One year after attending a Climate Smart seminar that helps businesses measure their carbon footprint and implement strategies for reducing emissions, Tinhorn Creek Vineyards is carbon neutral and will save about $42,500 a year thanks to its energy- and water-efficiency efforts and buying carbon offsets, reports The Globe and Mail.
Tinhorn Creek Vineyard is one of the latest eco-friendly vineyards joining the ranks of others that have targeted goals to reduce emissions and cut energy costs by adding renewable energy, buying carbon offsets, switching to lighter weight glass, targeting water efficiency measures and upgrading their lighting.
Sandra Oldfield, head of operations and winemaker of Tinhorn Creek Vineyards near Oliver, B.C., told The Globe and Mail that by calculating the winery’s footprint and conducting an energy audit, it showed where the winery had inefficiencies.
This led to many projects ranging from upgrading the vineyards watering system to a water-efficient drip irrigation system that will eventually save the vineyard about $4,000 annually when the drip system is installed on all 130 acres, and switching to 15 percent lighter bottles that are more eco-friendly and less expensive, saving the company $30,000 per year.
The wine bottles are made from 35-50 percent recycled glass and 90 percent of the glass is produced within 500 kilometers of the winery. Shipments are also trucked in full truckloads to reduce the winery’s carbon footprint.
The company also consolidates pallet shipments of wine to reduce shipping. Ninety-five percent of its wine is sold within British Columbia and Alberta, which further reduces its carbon footprint.
Other efforts cited in the article include new programmable thermostats, which turn the heat down at night in Tinhorn Creek’s main building. This reduces the winery’s energy bills by $4,500 a year. The vineyard also instituted a policy to shut off lights in empty rooms, which saves an additional $500 per year.
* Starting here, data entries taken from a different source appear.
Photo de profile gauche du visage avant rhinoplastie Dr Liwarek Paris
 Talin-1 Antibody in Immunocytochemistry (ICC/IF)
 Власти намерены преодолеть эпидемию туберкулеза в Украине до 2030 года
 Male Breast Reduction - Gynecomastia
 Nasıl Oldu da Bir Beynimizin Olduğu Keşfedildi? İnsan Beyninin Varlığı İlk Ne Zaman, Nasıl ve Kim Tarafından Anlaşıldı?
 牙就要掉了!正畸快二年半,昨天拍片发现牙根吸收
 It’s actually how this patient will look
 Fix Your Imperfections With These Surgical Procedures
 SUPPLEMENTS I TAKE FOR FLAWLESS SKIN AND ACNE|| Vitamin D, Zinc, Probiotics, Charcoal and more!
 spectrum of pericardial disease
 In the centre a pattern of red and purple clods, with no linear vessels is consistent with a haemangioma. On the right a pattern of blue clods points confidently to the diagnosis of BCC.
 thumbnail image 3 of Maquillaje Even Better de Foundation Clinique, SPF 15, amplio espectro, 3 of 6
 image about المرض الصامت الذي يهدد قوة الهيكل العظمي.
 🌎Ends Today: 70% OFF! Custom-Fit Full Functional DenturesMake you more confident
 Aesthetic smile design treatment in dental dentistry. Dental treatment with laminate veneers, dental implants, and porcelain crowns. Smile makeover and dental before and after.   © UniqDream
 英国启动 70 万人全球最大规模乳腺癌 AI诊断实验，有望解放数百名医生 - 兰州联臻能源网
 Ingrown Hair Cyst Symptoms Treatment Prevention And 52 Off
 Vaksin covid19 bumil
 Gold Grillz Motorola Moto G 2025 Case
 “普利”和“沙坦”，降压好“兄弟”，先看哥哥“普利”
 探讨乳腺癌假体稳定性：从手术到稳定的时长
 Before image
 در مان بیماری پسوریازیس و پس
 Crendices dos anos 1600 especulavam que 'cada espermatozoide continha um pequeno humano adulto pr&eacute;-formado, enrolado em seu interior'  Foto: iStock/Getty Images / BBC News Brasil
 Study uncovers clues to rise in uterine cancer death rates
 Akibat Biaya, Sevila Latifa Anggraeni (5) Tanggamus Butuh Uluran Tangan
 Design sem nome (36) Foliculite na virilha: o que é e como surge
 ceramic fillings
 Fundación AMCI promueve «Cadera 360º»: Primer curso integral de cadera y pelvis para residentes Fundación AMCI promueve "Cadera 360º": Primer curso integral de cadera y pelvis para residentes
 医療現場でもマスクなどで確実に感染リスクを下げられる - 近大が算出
The winery also shifted to a double-sided copy policy that will save about $100 per year, and reduced its garbage pick-ups to only when the dumpster is full, which reduces travel-related emissions and cuts its trash pick-up bills by about $400 annually.
The winery recycles its bottles, all wooden pallets used for shipping, cardboard and paper. It also recycles about 90 percent of all plastic pallet wrap used during bottling.
Being eco-friendly also helps with its marketing efforts, making Tinhorn Creek a green landmark, reports The Globe and Mail.